Many video operators spend a lot of time, effort and resources on detecting, pinpointing and restoring event oriented problems, such as broken equipment or faulty cables. These processes focus on detecting incidents and then bringing the system back to its normal state of operation. What is sometimes overlooked, or at least handled with lower priority, is if the normal state is what it should be? What is the overall delivered service quality when we have no known faults? What is our normal level of service quality and availability? What could or should it be?
In order to address these questions an operator first has to understand what the normal state consists of in terms of issues. What is caused by systematic issues and what is truly random? Our experience from working with operators shows that there most often are systematic issues and that successfully addressing these have proved to provide big improvements in service quality and dramatic reductions in customer complaints. The problem, of course, is identifying the systematic but non-obvious issues among the hundreds or thousands of small events and anomalies.
FINDING AND ASSESSING THE ISSUES
The first order of business in finding problems in normal operation conditions is to detect them; for non-obvious problems this can be quite complicated. Looking at QoS data may be difficult, since there typically are quite a lot of metrics gathered at many measurement points. In this situation an aggregated QoE metric can be very helpful. An aggregated QoE metric can take into account multiple QoS parameters at a single glance, both for individual customers and for group of customers. A well designed QoE metric can thus help detect problems that are otherwise hard to find.

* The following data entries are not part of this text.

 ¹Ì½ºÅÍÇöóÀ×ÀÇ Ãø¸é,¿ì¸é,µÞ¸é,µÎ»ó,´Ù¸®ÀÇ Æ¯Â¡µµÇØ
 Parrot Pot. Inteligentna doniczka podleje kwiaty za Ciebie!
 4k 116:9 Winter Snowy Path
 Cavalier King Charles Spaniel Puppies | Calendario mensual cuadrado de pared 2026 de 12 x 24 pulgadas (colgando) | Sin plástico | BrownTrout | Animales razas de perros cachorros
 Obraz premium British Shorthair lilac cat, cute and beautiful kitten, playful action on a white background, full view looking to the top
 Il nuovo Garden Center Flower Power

Even with the help of a well-designed QoE metric, the process of identifying the systematic issues caused by non-obvious problems can be complex and is by nature iterative and exploratory. There are a number of dimensions to explore in this process:
- Problems might be intermittent and/or periodic; you might need to look at monitoring data covering extended periods of time to find patterns.
- Problems might be related to combinations of equipment. For instance, a certain model or software version of set-top box combined with a certain model or version of DSLAM or edge QAM might not work well together. Finding connections like this requires access to various metadata about the service delivery chain.

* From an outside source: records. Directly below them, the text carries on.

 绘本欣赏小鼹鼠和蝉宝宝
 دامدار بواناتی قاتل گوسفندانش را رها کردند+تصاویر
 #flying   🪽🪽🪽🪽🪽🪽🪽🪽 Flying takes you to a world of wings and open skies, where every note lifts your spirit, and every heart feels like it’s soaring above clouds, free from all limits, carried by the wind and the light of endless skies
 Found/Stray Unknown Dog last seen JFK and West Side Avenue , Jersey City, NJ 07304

- Problems might be load or usage related. Understanding load and usage – both aggregated in the distribution chain and at the individual user – is important.
- Problems might be statistical. The problem may not show up every time a certain situation occurs, but rather have an increased probability of occurring in certain situations.
- Problems might be related to combinations of all of the above.
To drive this exploratory process you need access to high resolution data covering extended periods of time, measured at various points in the service delivery chain, preferably all the way down to the customer viewing device. You also need tools enabling aggregation, correlation and visualisation in order to identify the systematics in this vast set of data.
Finally, once a problem has been identified, an aggregated QoE metric is again valuable to assess the overall impact of the problem on the service.
REQUIREMENTS ON A SOLUTION
A solution supporting this process strongly benefits from the following capabilities:
A compound QoE metric
A metric estimating the actual end-user service impact, both for individual customers and aggregated for groups of customers.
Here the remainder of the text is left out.